(5/16/2025)
Oh, wow! This book gave me goosebumps. Quite simply, it's a masterpiece.
Brilliantly and imaginatively written by Percival Everett, this is the other side of Mark Twain's 1885 novel, "The Adventures of Huckleberry Finn." It is a treatise on the inherent evils of slavery, the significance of abiding friendship and romantic love, and the deeply human need to be respected and free. It rightly won the 2025 Pulitzer Prize for Fiction and the 2024 National Book Award.
In Twain's novel, Huck frequently goes off on adventures, leaving Jim alone, mostly to tend the raft and canoe, their mode of transportation as they both escape their former lives as they float down the Mississippi River. What was Jim doing all that time when he was left alone? Everett has reimagined "Huck Finn" to tell Jim's side of the story, and it's a story that is so compelling, so enthralling, so mesmerizing that you likely will stay up long past your bedtime to read just one more chapter.
Mark Twain portrays Jim as a befuddled, ignorant Black man, liberally using a much harsher and derogatory epithet than "Black man." In Percival Everett's book, Jim is an educated, erudite man who can read and write. He expounds complex philosophical ideas. He speaks English properly, as do all the slaves, except in the presence of White people when he speaks in a put-on Southern dialect common to slaves. They call it slave language. But Jim is trapped as a slave, until he escapes Miss Watson. Meanwhile, Huck Finn has been abused by his no-good father one time too many, and he, too, escapes, leaving an ingenious trail so the townspeople will think he was murdered. The two serendipitously find each other on a deserted island in the Mississippi. Everett sticks fairly close—but not entirely—to Twain's story of Huck and Jim's adventures. In this book we see a whole new side of Jim, as he cares for and protects Huck, who is, after all, just a child.

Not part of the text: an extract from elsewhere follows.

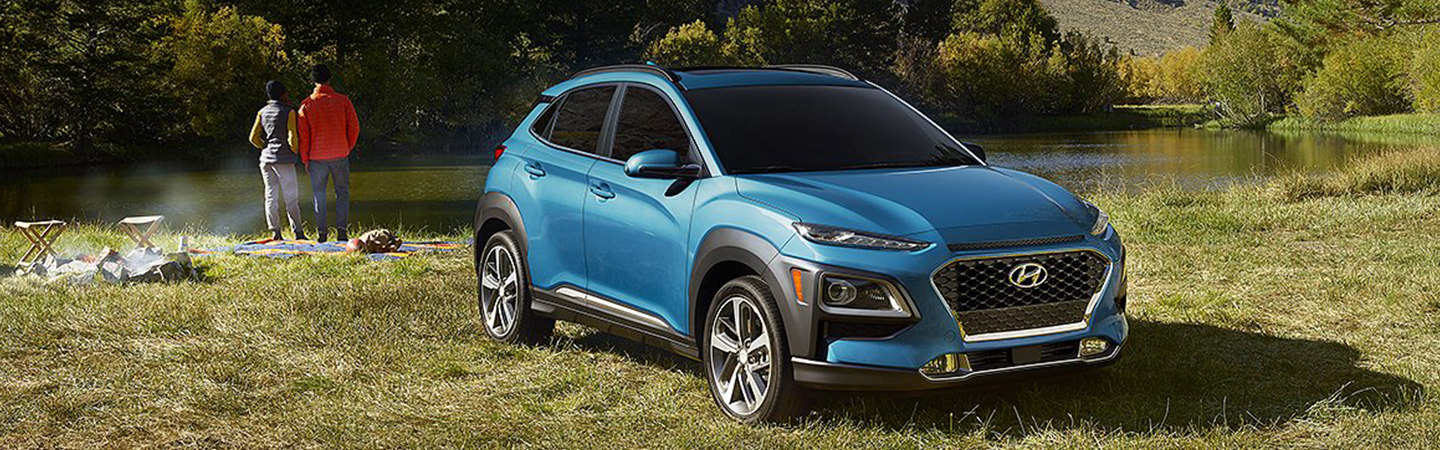 Blue 2021 Hyundai Kona parked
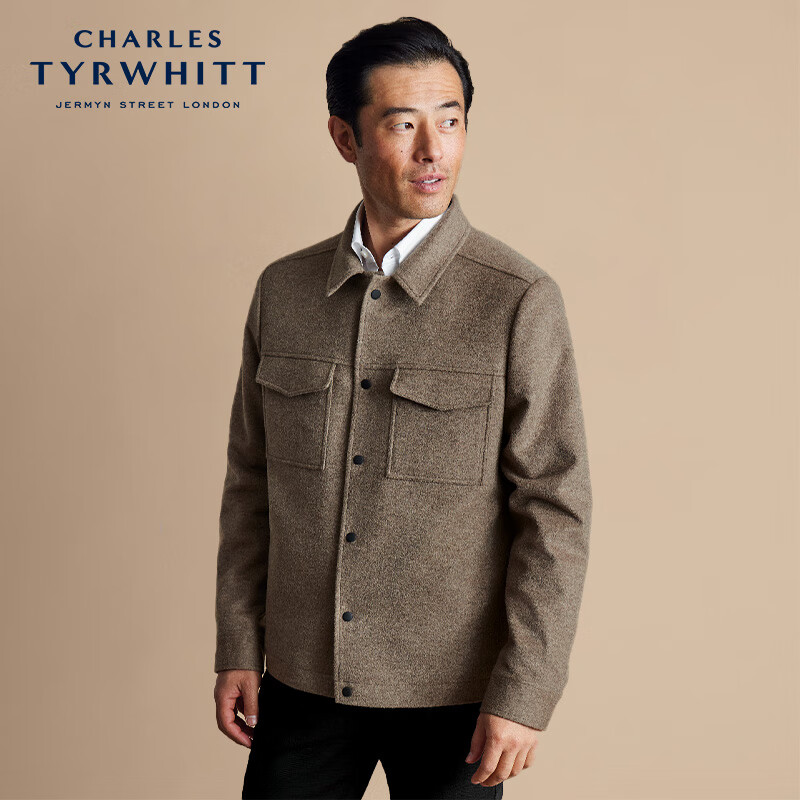 CHARLES TYRWHITT燕麦色纯羊毛哈灵顿夹克西服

About two-thirds of the way through "James," which is the beginning of Part II, Everett bids farewell to Twain's "Huck Finn" and strikes out on his own in a page-turning story that is riveting and remarkable and filled with surprises—especially one stunner. (No spoilers here!) Everett wisely abandons Twain's version when it got to be silly and farfetched as Huck and Tom Sawyer try to rescue Jim when he was captured as a runaway on the Phelps family's plantation. This second part of "James" is the strongest and most electrifying part of the book.
This is a fast-paced novel that is more plot than philosophy, but taken as a whole it is one of the most powerful and profound novels I have ever read. Most notably, Everett, unlike Twain, treats slavery as the violent, bloody, abusive, and inhumane institution it was.
And the ending? I will only say it was amazing. It's the best ending, albeit unexpected, I could ever have imagined.
"James" is truly an extraordinary novel with sophisticated storytelling that is provocative, haunting, and triumphant. Read it.
Just a thought: Consider reading (or rereading) "The Adventures of Huckleberry Finn" before reading "James." I did this, and had I not, I wouldn't have appreciated or even understood not only certain plot turns, but also many subtle references. That said, because "James" does veer from Twain's novel, it's not absolutely necessary to read "Huck" first.